阿武隈線沿線にはかつて、福島交通飯坂東線、福島交通保原線(ほばらせん)、福島交通梁川線(やながわせん)といった路面電車の路線網が張り巡らされていた。しかし、モータリゼーションの高まりとともに、それらの軌道線は1971(昭和46)年4月12日に一斉に廃止されてしまう。
一方、宮城県側では1968(昭和43)年に国鉄丸森線が造られたが、終点の丸森駅が町の中心から離れていたことから、開業後も利用者が伸びなかった。丸森線は福島まで路線を延ばす工事が続けられ、東北本線と接続する矢野目信号場まであと一歩という箇所まで工事が進んだが、国鉄の財政がひっ迫し、国鉄は同線を開通させても黒字化は無理と判断、工事を中断させた。
戦前には福島交通の軌道線が多く走っていたこともあり、地元の人たちの鉄道への思いは強かったようだ。せっかく工事が進んだのだからと、結局、福島県、宮城県と地元企業が出資。こうして第三セクター鉄道の阿武隈急行線ができ上がったのだった。
ちなみに同線の主要な株主は福島県、宮城県、福島交通とされる。路線開業まで福島交通のバスが走っていた地域で、競合の福島交通が主要な株主になったのは、バスの利用者が減ることに対して補償する意味があるという。また、阿武隈急行は福島交通の多くの社員を受け入れたようだ。阿武隈急行の福島駅ホームが福島交通と共同利用している理由の裏には、こうした〝近い関係〟もあったわけだ。

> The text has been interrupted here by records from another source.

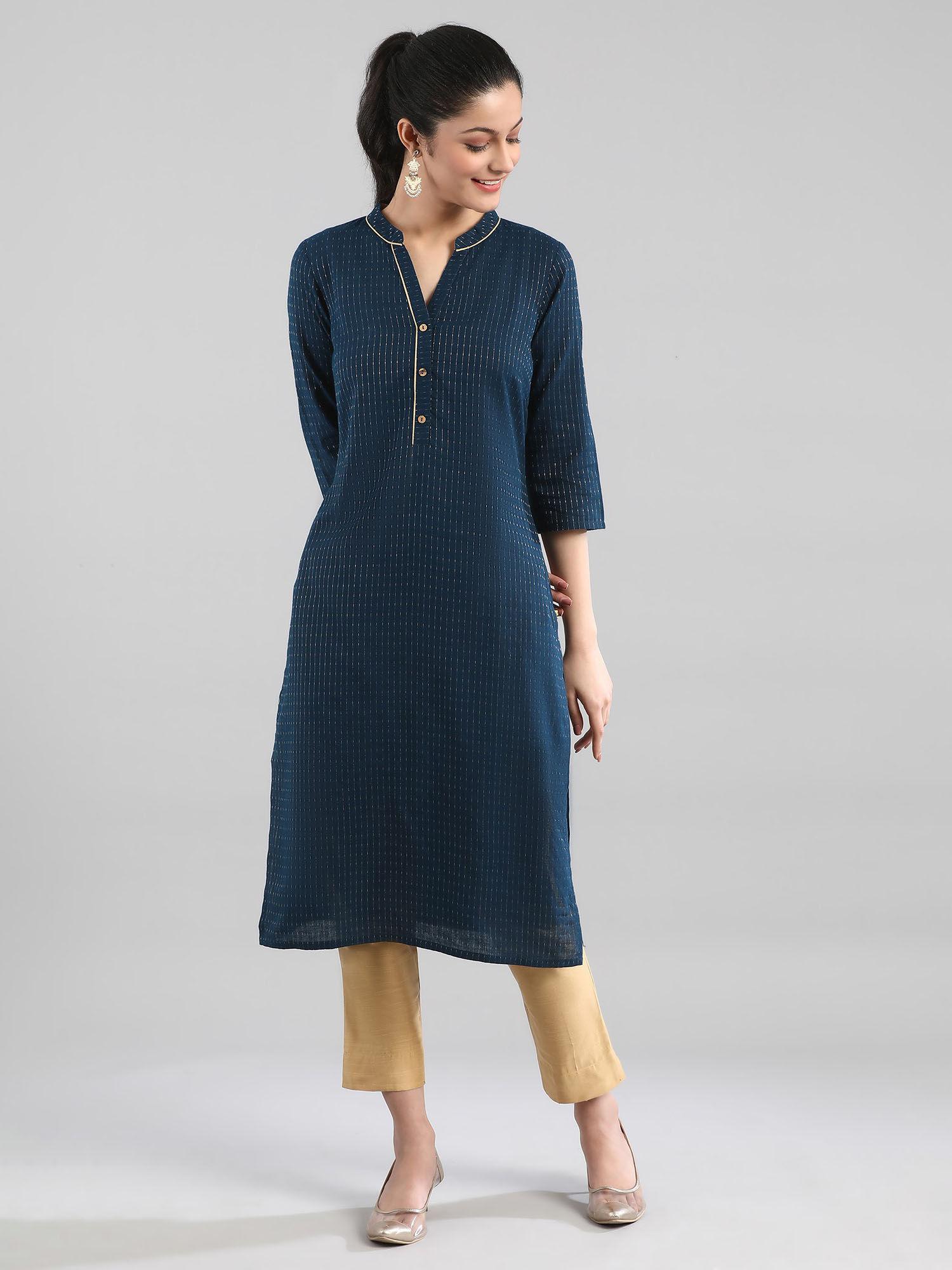 navy blue casual cotton kurta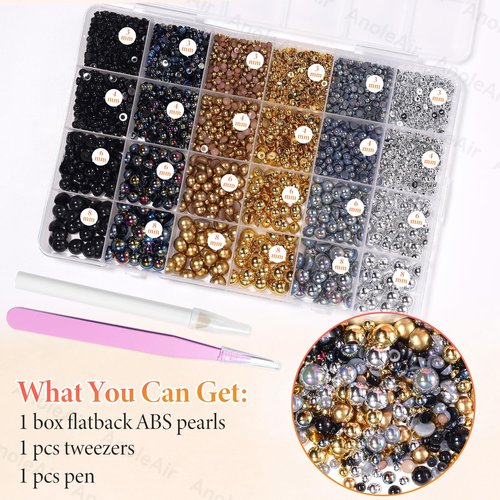 9000Pcs Gold Silver Black Half Pearls for Crafting, Flatback Pearls for Bedazzling, 3-8mm ABS Flatback Gold Pearl for Nails Art DIY Crafts Shoes Clothes Bags DIY Making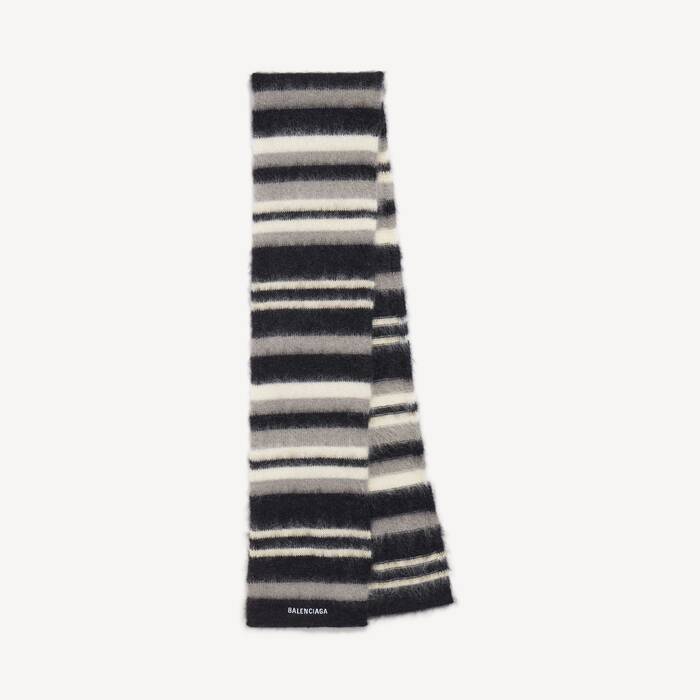 Women's Striped Scarf in Black/white/grey - Women | Balenciaga United States EN - Image 1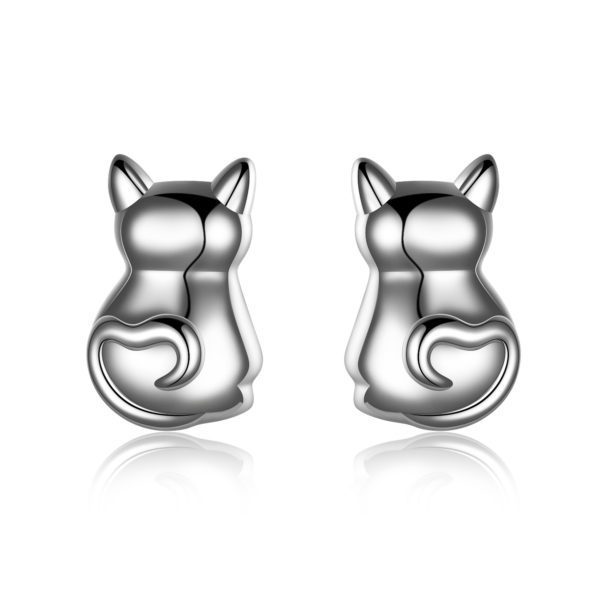 Silver Cat Stud Earrings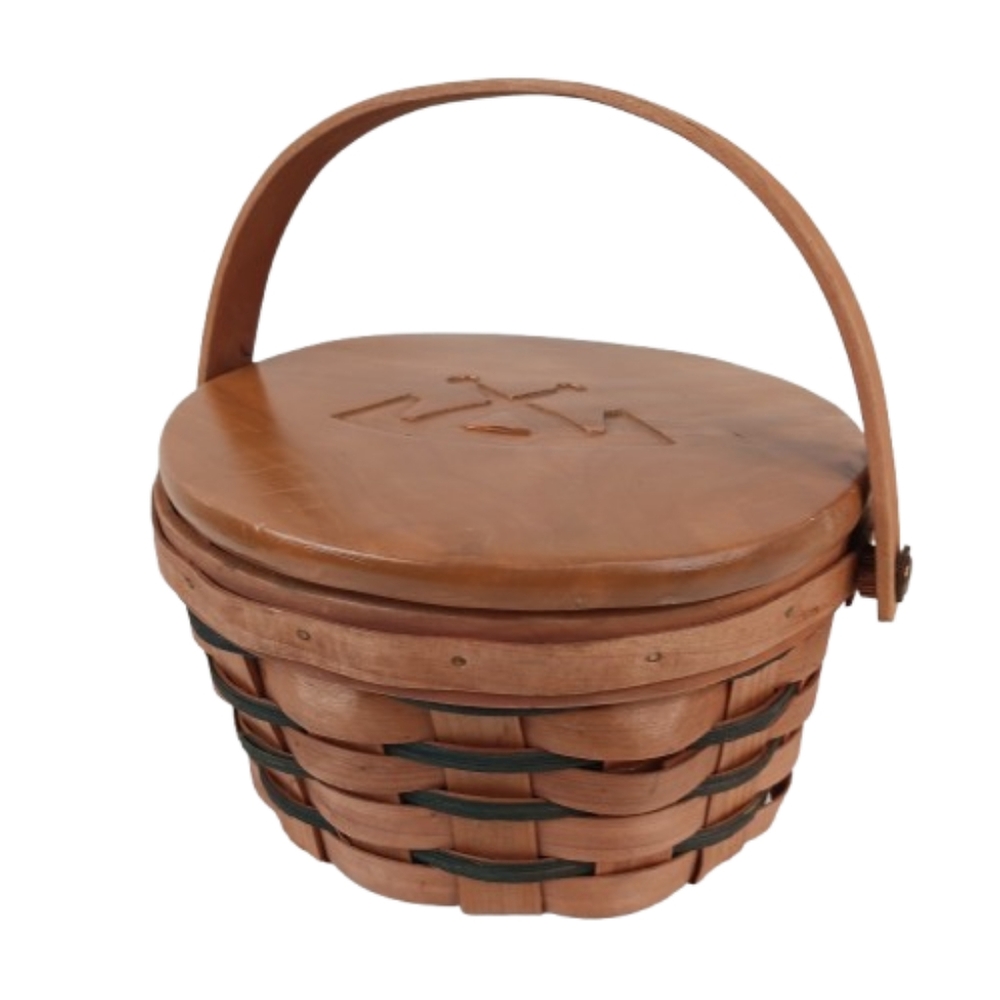 Wooden Basket Rustic Burlwood Hand Carved Vintage MCM American Decor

路線と距離 | 阿武隈急行・阿武隈急行線:福島駅〜槻木駅(つきのきえき)間54.9km(福島駅〜矢野目信号所間はJR東北本線を走行)、全線交流電化単線 |
開業 | 国鉄丸森線、槻木駅〜丸森駅間が1968(昭和43)4月1日に開業 福島駅〜丸森駅間が1988(昭和63)年7月1日に開業 |
駅数 | 24駅(起終点駅を含む) |
【阿武隈の旅②】35年走り続けた車両から新型車両へ切り替え中
次に阿武隈急行を走る車両を見ておこう。長年、走り続けてきた車両に代わり新型車両が徐々に増えつつある。
◇8100形電車
阿武隈急行が1988(昭和63)年から導入した交流型電車で、JR九州の713系電車を元に2両×9編成が造られ、現在も主力として活用されている。車内はセミクロスシートで、トイレも装備。2両の貫通幌部分はキノコのような形に大きく開き、乗降扉は両開き、片開きの両方があり、側面から見ると不思議な形をしている。
すでに導入されてから35年がたち、搭載する機器類も古くなりつつある。部品に事欠くようになったことから、古い編成を廃車にして部品の調達に活用するなど、車体の維持には苦心しているようだ。そのため、新型車AB900系の導入が急がれている。
◇AB900系
JR東日本のE721系を元に造られた車両。2018(平成30)年度に1編成が導入されて以来、徐々に増備されており、将来的には2両×10編成を導入する予定だ。
槻木駅の先、阿武隈急行線の列車は仙台駅まで1日に2往復乗り入れているが、東北本線乗入れ車両はJR東日本の車両と同形式のAB900系が使われることが多くなっているようだ。
ちなみに形式名の頭にABが付くのは「あぶ急」という阿武隈急行の通称から取ったもので、車両正面のアクセントカラーは編成ごとに異なり、沿線自治体の自然や花をテーマに5色が設定されている。またアニメキャラクターをラッピングした車両もある。
【阿武隈の旅③】列車は福島交通と共通ホームから発車する
ここからは阿武隈急行線の旅を始めたい。起点となる阿武隈急行線の福島駅はJR福島駅の北東側に位置し、JR線構内側に設けられた連絡口と、福島駅東口側の通常口がある。東口の入口にはゲートが設けられ、上に「電車のりば」そして阿武隈急行線、福島交通飯坂線の名が掲げられている。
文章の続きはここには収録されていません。